The gloomy news from Dairy Crest accompanied an earlier statement from rival firm Robert Wiseman Dairies that expressed concern over rising derv, plastic and energy costs, mainly linked to soaring oil prices.
"Competition in all sectors of the market is intense and makes recovery of these increased costs uncertain," Wiseman said, adding that these costs had also offset the higher milk selling prices the group had negotiated in March this year.
Wiseman predicted its pre-tax profits would drop £0.5m this year.
The news from both companies highlights the significant pressure Britain's top dairy processors face to secure profit margins.
Arla UK, subsidiary of Arla Foods and the other of Britain's top three dairy processors, said in August that rising costs in raw materials and energy, together with aggressive retailer price cuts, would damage profits in 2005.
The firm faces trouble despite doing the best in the past year's milk contract re-shuffle, gaining 120m litres overall and becoming sole milk supplier to Asda.
A report this month by Britain's Milk Development Council revealed that retailer profits for liquid milk have risen by a quarter in 10 years, growing more rapidly since 2003. Processor margins, in comparison, have fallen.
The MDC said dairy products were the second biggest sellers for UK supermarkets, generating sales worth £7.8bn.
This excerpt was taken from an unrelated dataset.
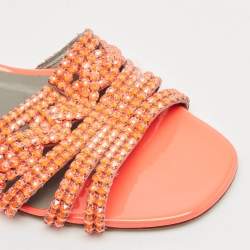 مملوكة مسبقًا Gina Pink Crystal Embellished Leather Flat Sandals Size 41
This shows that dairy has become a big profit earner for retailers.
The pressure has made industry consolidation a hot topic. Dairy Crest snapped up Midlands Co-op Dairies and Starcross Foods in May this year, something expected to produce savings after initial 'swallowing costs'.
There is also some good news for products. The MDC highlights in particular that UK sales for higher value branded milk grew 23 per cent between 2003 and 2004, while branded cheese went up 11 per cent.
Britain's top three processors are benefitting from tapping into this trend, though the MDC warned that the UK's added value sector was still behind that of other European dairy industries.